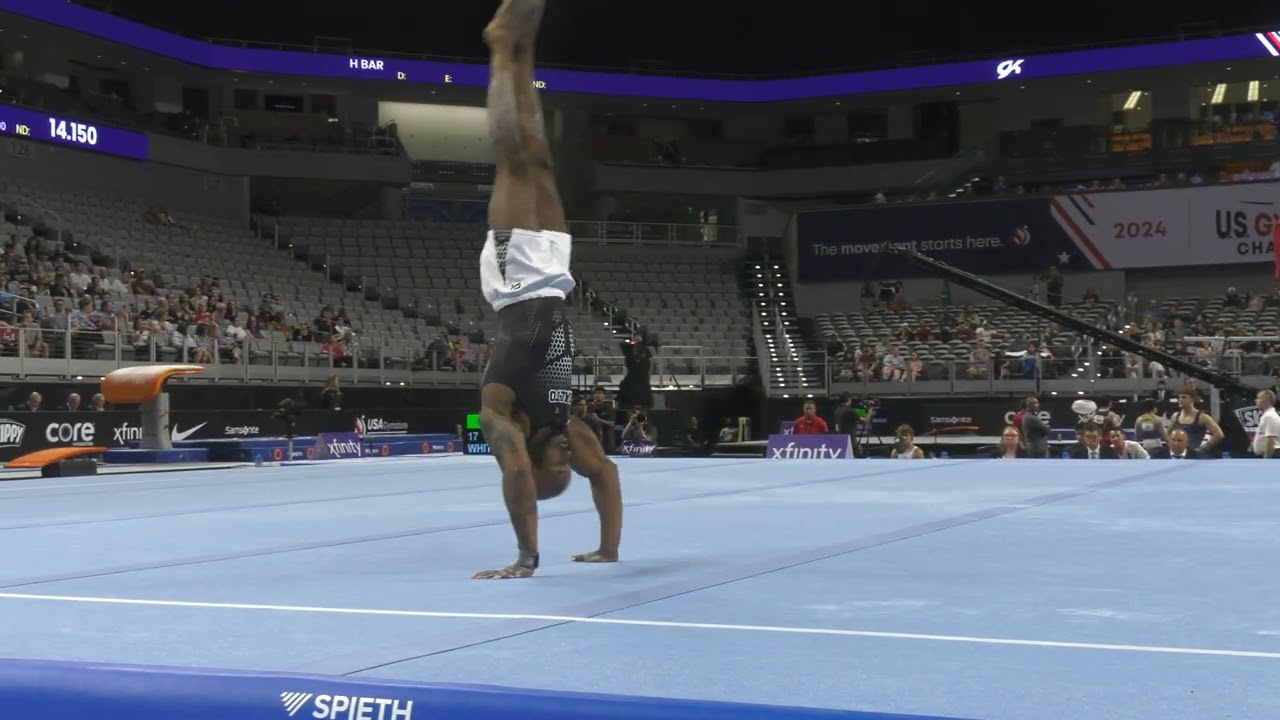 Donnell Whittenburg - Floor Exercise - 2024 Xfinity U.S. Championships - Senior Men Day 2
---
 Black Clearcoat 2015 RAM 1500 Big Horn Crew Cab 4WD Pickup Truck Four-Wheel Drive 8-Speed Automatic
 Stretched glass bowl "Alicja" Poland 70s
---
• PROMPT
Retype only the lines above between the line with "Black Clearcoat 2015" and the line with "Stretched glass bowl", counting those two lines as well, and keep every character as it is.

• RESPONSE TO THIS EXERCISE
 Black Clearcoat 2015 RAM 1500 Big Horn Crew Cab 4WD Pickup Truck Four-Wheel Drive 8-Speed Automatic
 Stretched glass bowl "Alicja" Poland 70s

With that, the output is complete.